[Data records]
○ ○ ○ ○ ○ ○ ○

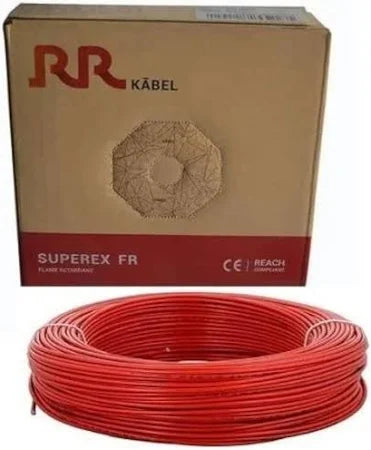 RR Kabel 1 Core 1.5 SQMM FRLS Cable – Red – 200 Mtr (RR1C1.5FRLSRED200)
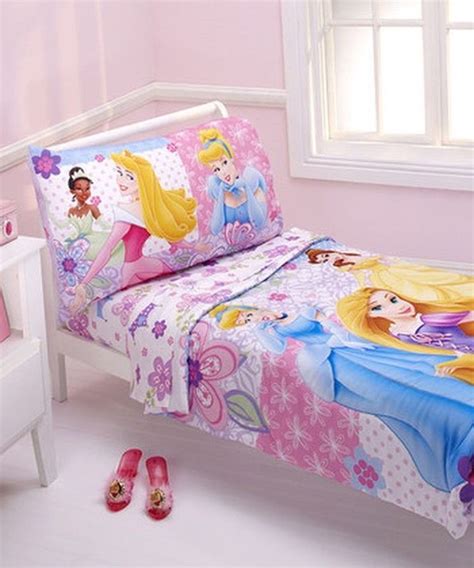 The toddler sheet set is made from 100% cotton with a 205 thread count, making it perfect for cozy cuddles. Disney Princess 4 Piece Toddler Bedding Set - Girls Pink ...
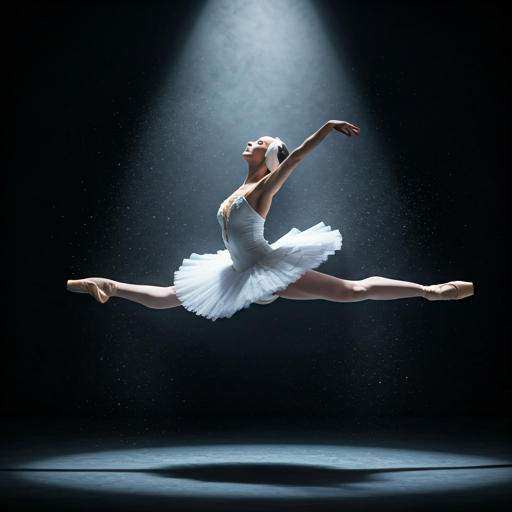 Ballerina på scenen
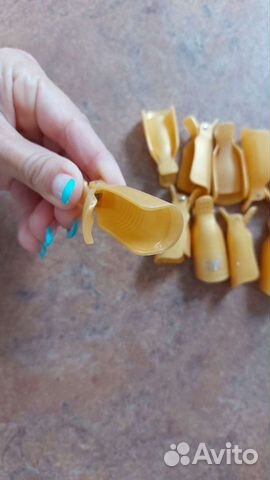 Зажимы для снятия гель-лака с ногтей 10 шт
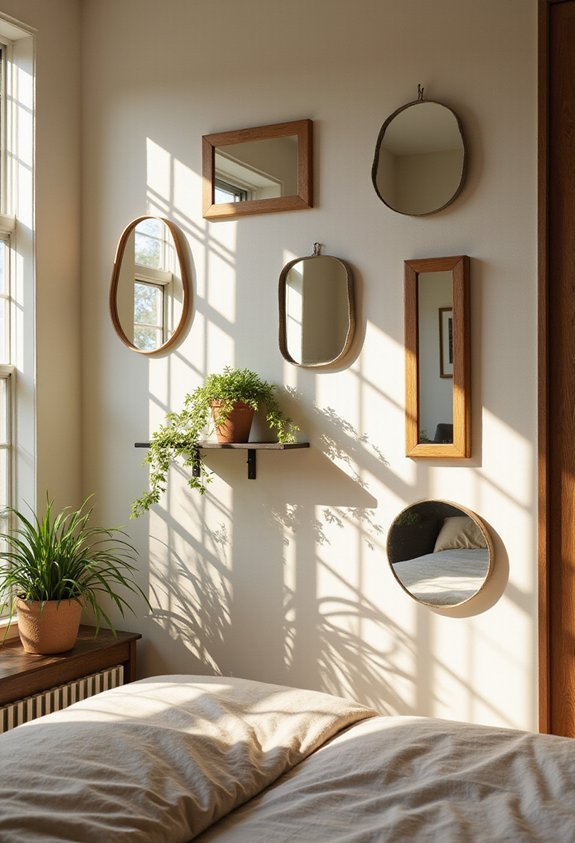 mirror wall amplify light space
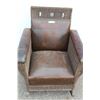 Image 1 : ** Antique Leather & Wicker Rocking Chair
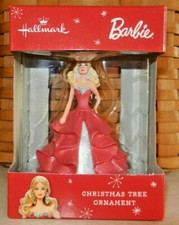 Hallmark 2015 Holiday Barbie Red Dress Christmas Ornament NEW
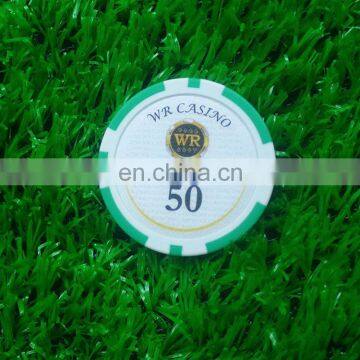 Customized Printing Casino Chip / Printing Stickers Poker Chip Ball Markers photo-2
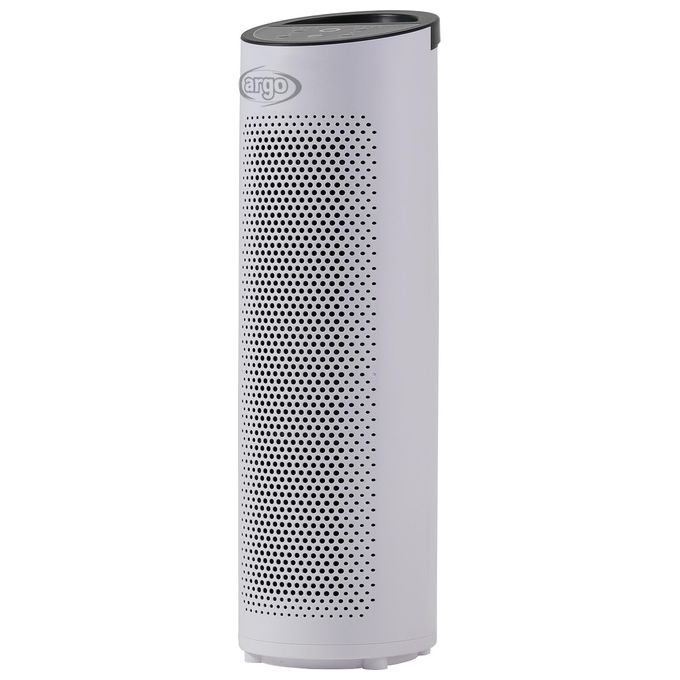 Argoclima Pury Purificatore d'aria per ambienti fino a 20 m² HEPA Pre-filtro Carboni Attivi Ionizzatore 60 dB 35 W colore Bianco Nero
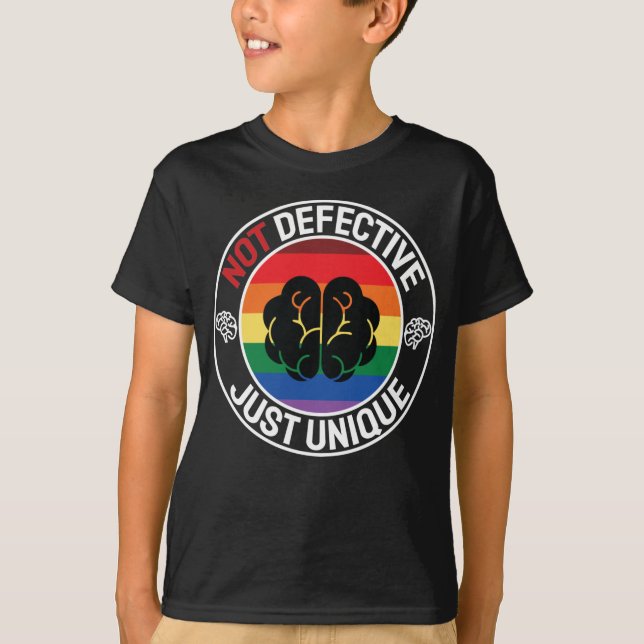 Camiseta Colorido Guay celebra la neurodiversidad diciendo (Anverso)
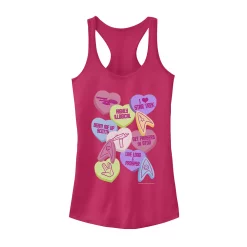 Juniors' Star Trek Candy Hearts Valentine's Day Tank Top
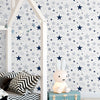 KIT DE 2 ROLOS - 3,00m x 50cm - Papel De Parede Adesivo Estrelas Encantada Azul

○ ○ ○ ○ ○ ○ ○

_Task statement_:
With pictures omitted, repeat the entries above word for word from the line holding "Ballerina på scenen" down to the line holding "Juniors' Star Trek", keeping both of those lines.

_Task answer_:
 Ballerina på scenen
 Зажимы для снятия гель-лака с ногтей 10 шт
 mirror wall amplify light space
 Image 1 : ** Antique Leather & Wicker Rocking Chair
 Hallmark 2015 Holiday Barbie Red Dress Christmas Ornament NEW
 Customized Printing Casino Chip / Printing Stickers Poker Chip Ball Markers photo-2
 Argoclima Pury Purificatore d'aria per ambienti fino a 20 m² HEPA Pre-filtro Carboni Attivi Ionizzatore 60 dB 35 W colore Bianco Nero
 Camiseta Colorido Guay celebra la neurodiversidad diciendo (Anverso)
 Juniors' Star Trek Candy Hearts Valentine's Day Tank Top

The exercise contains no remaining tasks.